Neresinden ve nasıl yazmaya başlamalı, bilmiyorum.
Zamanla
bir çok şey bulanıklaşıyor…
Boş bir odadayım. Duvar, sadece duvar, bir de kuş
sesleri… Çok uzaktan, yer üstünden gelen kuş sesleri, keşke fırsatım varken daha
dikkatli dinleseydim, belki o zaman mevsimi ya da günün neresinde olduğumu
anlayabilirdim, dinlemeyi bilen insan için kuşlar çok fazla şey söylerler,
genelde haddinden çok.
Bir hikayeye asılı kaldım, yön duygum yok, zaman
yok, renkler yok, sigara yok. Kaç gün oldu sigara içmeyeli? Kaç gündür bu
odadayım? Hangi gündeyiz?
Saymayı yeni baştan öğrenmeliyim. Yürümeyi,
uyanmayı, tutunmayı, vazgeçmeyi, konuşmayı, renkleri ve geri kalan her şeyi yeni
baştan ve önceki her şeyi unutarak öğrenmeliyim. Unutmak ne tuhaf şey… en son
neyi unuttum? Şimdi hatırladıklarım ne kadar daha kalacaklar zihnimde?
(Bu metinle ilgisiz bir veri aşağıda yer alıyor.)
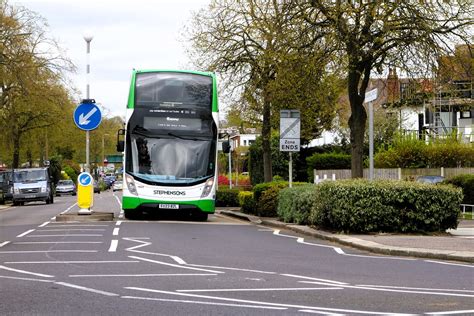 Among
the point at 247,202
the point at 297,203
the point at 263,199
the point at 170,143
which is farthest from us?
the point at 247,202

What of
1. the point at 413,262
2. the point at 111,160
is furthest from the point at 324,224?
the point at 111,160

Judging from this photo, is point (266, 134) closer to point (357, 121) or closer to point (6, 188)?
point (357, 121)

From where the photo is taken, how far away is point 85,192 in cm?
2428

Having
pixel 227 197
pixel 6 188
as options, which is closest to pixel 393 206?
pixel 227 197

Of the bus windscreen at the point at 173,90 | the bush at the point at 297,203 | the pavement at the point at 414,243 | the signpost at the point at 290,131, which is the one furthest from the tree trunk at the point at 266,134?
the pavement at the point at 414,243

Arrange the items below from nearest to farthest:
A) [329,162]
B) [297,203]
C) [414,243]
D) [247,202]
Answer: [414,243], [297,203], [247,202], [329,162]

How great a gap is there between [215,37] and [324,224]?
50.0 feet

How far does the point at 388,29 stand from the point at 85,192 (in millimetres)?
10301

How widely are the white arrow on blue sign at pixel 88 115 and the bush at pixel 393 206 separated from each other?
856cm

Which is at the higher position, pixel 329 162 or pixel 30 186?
pixel 329 162

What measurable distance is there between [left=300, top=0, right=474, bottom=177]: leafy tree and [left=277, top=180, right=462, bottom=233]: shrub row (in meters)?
6.12

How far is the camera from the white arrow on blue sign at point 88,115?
77.7 feet

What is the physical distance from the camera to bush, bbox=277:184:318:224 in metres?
21.0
Issız bir adaya düşsem yanıma sadece ışık alırım, karanlıktan korkuyorum. Yeterince görmemişim sanki, sanki yeterince öğrenmemişim gibi, karanlığın içinden gelen her sese kulak kesilmeyi huy edinmişim, anlatması zor... nasıl bir tedirginlik bilemezsin.
m.
"en son neyi unuttum"? bunu bilmeyi ne kadar çok istiyorum.